Most of us have started the New Year determined to be better people. Most of us recognize that there will not be peace or generosity for all until each of us becomes peaceful and generous -- especially with people who are irritating or just different.

Of the gifts God has given us for forming and maintaining relationships, the most underused is curiosity.

Think about how the typical fight between people begins.

Person A makes some statement that irritates Person B, who then fires back an answer, often adding a put-down or hostile barb.

At its worst, this kind of response indulges in mind-reading: "You're saying that because you think..." or "You're just saying that because you're racist/sexist/anti-semitic" and so on.

Then the real fighting begins. The subject originally brought up lies forgotten in the dust. If the people end up still speaking, all that remains of the interchange is a grudge.

St. Paul spoke of a "dividing wall of hostility." There are few better ways to describe the results of verbal combat. A simple way to breach the wall is the disciplined practice of curiosity.

What if, the next time someone says something that angers or frightens us, or just seems too stupid for words, we use the sensation of being frightened or angered as a cue to defuse the situation?

Instead of simply repeating our own point (louder or more forcefully), what if we ask something like "How did you come to that conclusion?" or "Can you tell me why you think that?"

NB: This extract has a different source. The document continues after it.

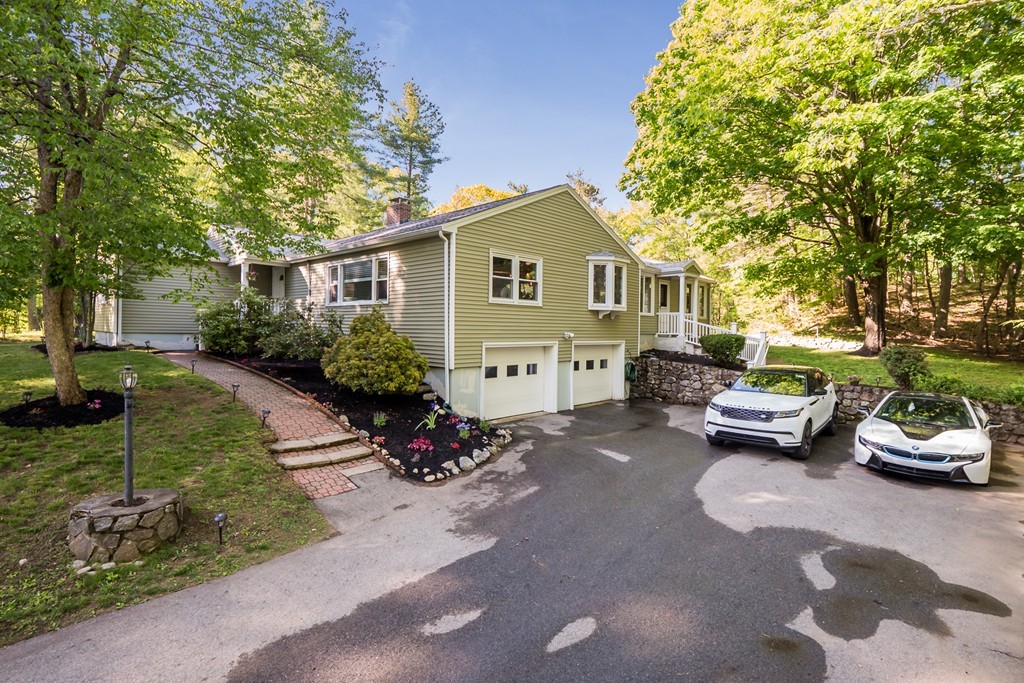 35 Mansion Drive (Topsfield) Herrick Lutts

Such a response opens windows instead of slamming doors. When we understand why a person thinks something, we may discover a new and possibly refreshing point of view. We might also learn something. At its best, such an approach opens a real conversation from which both parties can benefit.

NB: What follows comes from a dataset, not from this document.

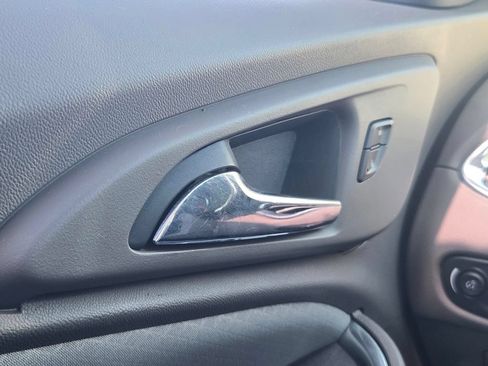 Used 2017 Chevrolet Malibu LT FWD image 20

It may take courage to try this when our habits (and adrenalin) suggest a more primitive response. It certainly takes self-monitoring and discipline to recognize and overcome our fighting reflexes.

To our surprise, the discipline of curiosity may also enhance an experience with someone with whom we happen to agree. This column comes from reflection on a recent encounter of that kind.

I had arranged to meet with a fellow bishop who has taken a very clearly defined position on one of the issues that currently engages the Episcopal Church. I am trying to study and perhaps write about the issue.

We talked over lunch and for a considerable time after that. When we were both sensing that the conversation was ending, he choked up a bit and thanked me.

I was puzzled. I had gained from him a number of unique and thought-provoking insights. I asked why he should be thanking me.

He told me that, since he had taken this stand a few years ago, his fellow liberals had said nothing beyond congratulating him while conservatives had simply denounced his actions. I was the only one who asked how he reached this conclusion. He cherished the opportunity to explain his thinking.

I claim no virtue here: I wanted information for a practical use and did not consider the consequence of the interview for him. The entirely unintended consequence of my inquiry was that, for the first time, he felt that his thinking process and personal struggle were of value.

When our children say something that irritates us, especially if they might be right in their criticism, we tend to say, "Don't talk to me like that." How would a child's world change if we responded, "Why do you say that?"

We could gain information and a child might begin to grow in attitudes of conversation rather than controversy.

Start the New Year right - ask a question.